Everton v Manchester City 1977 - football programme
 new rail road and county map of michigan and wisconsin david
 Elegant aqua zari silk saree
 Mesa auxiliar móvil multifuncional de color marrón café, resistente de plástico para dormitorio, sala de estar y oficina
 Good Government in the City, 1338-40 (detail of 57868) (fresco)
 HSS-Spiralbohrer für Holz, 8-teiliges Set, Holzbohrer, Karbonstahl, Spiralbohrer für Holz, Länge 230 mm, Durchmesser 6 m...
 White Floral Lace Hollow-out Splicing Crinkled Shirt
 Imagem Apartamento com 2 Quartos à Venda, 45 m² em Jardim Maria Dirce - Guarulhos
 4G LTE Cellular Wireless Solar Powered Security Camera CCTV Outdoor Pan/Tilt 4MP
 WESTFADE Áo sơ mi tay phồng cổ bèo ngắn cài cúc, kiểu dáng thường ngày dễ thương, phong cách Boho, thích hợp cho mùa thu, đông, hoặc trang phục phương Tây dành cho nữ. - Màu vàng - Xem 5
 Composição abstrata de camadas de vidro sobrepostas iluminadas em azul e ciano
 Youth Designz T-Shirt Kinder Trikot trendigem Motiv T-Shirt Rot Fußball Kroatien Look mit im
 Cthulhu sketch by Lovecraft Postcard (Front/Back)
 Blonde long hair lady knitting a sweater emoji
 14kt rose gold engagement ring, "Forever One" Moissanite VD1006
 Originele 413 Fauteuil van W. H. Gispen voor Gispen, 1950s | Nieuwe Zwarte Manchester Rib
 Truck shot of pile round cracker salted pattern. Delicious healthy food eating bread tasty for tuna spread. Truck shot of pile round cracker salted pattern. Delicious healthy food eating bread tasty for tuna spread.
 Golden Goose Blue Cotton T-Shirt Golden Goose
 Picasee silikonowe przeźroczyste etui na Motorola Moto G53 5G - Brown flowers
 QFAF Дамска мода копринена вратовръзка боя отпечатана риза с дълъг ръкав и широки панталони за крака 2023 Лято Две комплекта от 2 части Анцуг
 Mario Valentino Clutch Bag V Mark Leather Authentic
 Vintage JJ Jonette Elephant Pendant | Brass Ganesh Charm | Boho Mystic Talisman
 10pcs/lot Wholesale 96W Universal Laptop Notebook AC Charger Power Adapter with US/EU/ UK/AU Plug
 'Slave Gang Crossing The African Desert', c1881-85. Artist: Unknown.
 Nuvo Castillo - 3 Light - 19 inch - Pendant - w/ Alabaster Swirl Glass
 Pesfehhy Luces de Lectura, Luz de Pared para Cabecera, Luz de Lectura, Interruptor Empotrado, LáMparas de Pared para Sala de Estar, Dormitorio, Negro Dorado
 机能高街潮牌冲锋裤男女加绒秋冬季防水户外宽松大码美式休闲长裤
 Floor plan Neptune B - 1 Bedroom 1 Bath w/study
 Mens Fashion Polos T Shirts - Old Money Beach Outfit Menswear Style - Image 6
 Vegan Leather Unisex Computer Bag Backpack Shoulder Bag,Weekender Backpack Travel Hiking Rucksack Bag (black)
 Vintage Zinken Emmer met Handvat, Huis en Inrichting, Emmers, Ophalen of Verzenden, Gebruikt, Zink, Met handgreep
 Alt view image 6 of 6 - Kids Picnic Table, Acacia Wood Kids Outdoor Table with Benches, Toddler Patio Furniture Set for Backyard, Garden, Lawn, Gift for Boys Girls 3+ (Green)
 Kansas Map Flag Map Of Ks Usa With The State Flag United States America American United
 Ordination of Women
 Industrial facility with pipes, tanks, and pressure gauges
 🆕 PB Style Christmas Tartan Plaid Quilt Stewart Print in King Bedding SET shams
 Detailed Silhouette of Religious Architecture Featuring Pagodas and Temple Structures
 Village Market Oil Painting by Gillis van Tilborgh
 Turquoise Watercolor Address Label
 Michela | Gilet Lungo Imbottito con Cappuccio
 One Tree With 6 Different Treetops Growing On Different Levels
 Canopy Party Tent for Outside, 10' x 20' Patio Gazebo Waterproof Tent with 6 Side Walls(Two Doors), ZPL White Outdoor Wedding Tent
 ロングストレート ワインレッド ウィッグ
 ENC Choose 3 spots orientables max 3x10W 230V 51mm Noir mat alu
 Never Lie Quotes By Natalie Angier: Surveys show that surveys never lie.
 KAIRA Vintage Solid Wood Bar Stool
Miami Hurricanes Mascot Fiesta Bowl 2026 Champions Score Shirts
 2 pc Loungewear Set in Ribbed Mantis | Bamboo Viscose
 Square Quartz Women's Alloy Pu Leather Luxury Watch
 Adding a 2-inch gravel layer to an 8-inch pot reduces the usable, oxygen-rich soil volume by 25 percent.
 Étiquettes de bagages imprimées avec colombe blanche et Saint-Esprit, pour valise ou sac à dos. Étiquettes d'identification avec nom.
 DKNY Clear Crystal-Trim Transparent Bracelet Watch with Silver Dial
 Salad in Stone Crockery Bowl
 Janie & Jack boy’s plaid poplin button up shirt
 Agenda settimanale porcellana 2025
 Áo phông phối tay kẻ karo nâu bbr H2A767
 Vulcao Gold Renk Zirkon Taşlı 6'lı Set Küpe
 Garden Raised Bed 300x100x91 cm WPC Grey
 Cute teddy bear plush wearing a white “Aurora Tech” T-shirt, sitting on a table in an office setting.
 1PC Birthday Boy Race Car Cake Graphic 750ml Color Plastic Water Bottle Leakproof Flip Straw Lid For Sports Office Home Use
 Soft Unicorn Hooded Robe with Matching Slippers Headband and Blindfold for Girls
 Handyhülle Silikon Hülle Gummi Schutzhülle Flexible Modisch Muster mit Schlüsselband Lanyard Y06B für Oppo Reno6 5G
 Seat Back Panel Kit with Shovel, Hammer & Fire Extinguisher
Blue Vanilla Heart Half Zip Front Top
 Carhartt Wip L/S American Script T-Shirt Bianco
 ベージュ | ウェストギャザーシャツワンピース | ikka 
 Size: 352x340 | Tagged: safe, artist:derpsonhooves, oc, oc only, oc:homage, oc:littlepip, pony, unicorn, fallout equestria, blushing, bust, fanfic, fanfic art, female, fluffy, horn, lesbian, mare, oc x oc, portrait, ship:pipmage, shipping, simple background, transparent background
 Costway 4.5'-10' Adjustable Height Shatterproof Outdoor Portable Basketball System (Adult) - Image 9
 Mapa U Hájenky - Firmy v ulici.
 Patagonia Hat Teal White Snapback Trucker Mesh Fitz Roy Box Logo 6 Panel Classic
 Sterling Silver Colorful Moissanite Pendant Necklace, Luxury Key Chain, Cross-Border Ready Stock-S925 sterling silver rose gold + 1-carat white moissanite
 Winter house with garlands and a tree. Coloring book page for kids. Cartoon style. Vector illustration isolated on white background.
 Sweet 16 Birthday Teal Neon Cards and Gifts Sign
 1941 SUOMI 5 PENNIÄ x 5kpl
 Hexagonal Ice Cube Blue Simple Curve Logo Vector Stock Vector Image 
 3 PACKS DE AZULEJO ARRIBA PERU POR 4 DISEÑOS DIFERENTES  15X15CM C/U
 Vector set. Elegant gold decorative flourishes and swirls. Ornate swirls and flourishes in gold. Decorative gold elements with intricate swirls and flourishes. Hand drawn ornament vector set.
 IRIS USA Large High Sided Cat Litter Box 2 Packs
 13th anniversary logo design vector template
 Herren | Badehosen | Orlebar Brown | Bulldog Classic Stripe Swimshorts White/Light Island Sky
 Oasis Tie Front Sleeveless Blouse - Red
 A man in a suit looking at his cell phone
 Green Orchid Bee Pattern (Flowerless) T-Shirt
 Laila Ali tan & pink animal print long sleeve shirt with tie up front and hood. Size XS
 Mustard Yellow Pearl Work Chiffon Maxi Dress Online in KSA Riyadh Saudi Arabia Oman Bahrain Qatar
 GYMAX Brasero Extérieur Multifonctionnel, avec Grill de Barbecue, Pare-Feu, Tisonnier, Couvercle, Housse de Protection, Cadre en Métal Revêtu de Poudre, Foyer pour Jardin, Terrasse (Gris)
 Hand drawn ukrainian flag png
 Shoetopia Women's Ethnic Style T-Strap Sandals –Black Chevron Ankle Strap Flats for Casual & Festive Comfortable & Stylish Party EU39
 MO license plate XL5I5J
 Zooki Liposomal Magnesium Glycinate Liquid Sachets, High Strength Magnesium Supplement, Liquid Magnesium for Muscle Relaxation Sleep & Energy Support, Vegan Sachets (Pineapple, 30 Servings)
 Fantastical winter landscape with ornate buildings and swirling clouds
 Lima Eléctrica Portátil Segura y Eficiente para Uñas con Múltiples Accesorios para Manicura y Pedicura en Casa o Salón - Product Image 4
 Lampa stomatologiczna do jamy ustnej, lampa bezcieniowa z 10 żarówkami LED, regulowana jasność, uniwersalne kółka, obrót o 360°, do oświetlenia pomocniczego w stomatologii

» What you will do:
What is needed is an exact repetition of the lines from the first line of the records through the line containing "Elegant aqua zari silk saree", both ends included, and nothing more.

» Exercise solution:
Everton v Manchester City 1977 - football programme
 new rail road and county map of michigan and wisconsin david
 Elegant aqua zari silk saree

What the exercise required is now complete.